On 4 April 2014 the European Commission launched a communication on effective, accessible and resilient health systems which aims to lay out an EU agenda to ensure Europe’s health systems can face up to current challenges. It highlights a number of initiatives and tools the EU can develop and build upon to help Member States ensure that citizens’ aspirations to high quality care can be met, in line with reform recommendations addressed to them in the context of the European Semester.Effectiveness is defined as “health systems’ ability to produce positive health outcomes, i.e. to improve the health of the population”. Some issues that may be of relevance for Eurodiaconia members and partners:The communication stresses the need for systems to be accessible, as stated in the European Social Charter, whilst noting that this is difficult to measure. Regarding resilience, the ability to adapt to changing environments, the Commission found the following factors were important in ensuring accessible and effective systems: Stable funding mechanisms (e.g. reliance on employment based contributions more exposed to challenges); sound risk adjustment and pooling methods to ensure finances follow needs, good governance (e.g. well-defined responsibilities in the organisation) good information flows (including knowledge of weaknesses in the system) adequate costing of services to ensure effective decisions on prioritisation and and investment and a correctly qualified health workforce.

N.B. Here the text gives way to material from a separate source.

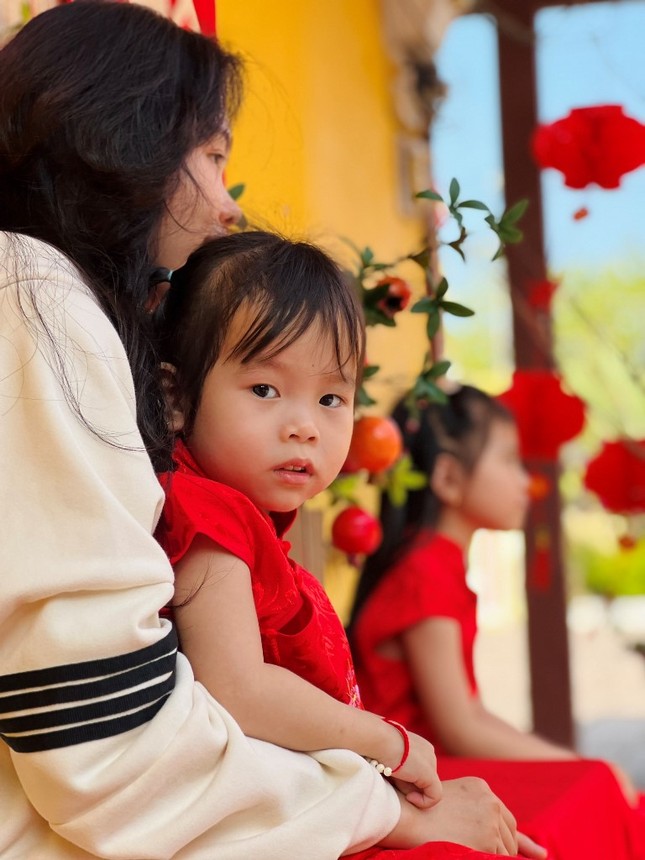 Bé theo mẹ đi chùa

The findings of a recent consultation conducted by the European Commission showed there was a strong interest in examining the issues that impact on quality in healthcare and the Commission will follow this up.
The paper talks of the importance of the integration of care, different levels of healthcare and between health and social care and national governments are called to reflect on how to reduce the need for hospital care. The document also notes that the separation between professions is likely to become less rigid through the creation of multidisciplinary teams.
The Commission will work with governments to develop recommendations, tools, indicators and guidelines on predicting skills needs in the health workforce (no mention of the common challenges with the social care workforce)
The Communication recommends to Member States that they:
Strengthen effectiveness, keeping in mind that the first objective of a health system is to improve the health of the population. This can be done through applying performance assessment results, ensuring safety and quality of care for patients, and developing an integrated approach to care so as to avoid over reliance on hospitals.
Increase accessibility, so that health systems provide healthcare services to the whole population. This result can be achieved through better planning of the health workforce and a more effective use of medicines. Furthermore, the Directive on cross-border care will provide increased transparency, and better affordability and availability of care.
Improve resilience, so health systems are capable of adapting to changing environments and identifying innovative solutions. This capacity can be strengthened by choosing more effective and efficient treatments which respond to patients’ needs. Of equal importance is building efficient information flows and innovative Information and Communication Technologies in health.
Member States are also encouraged to make good use of European funding instruments, such as structural funds, in implementing the recommended reforms.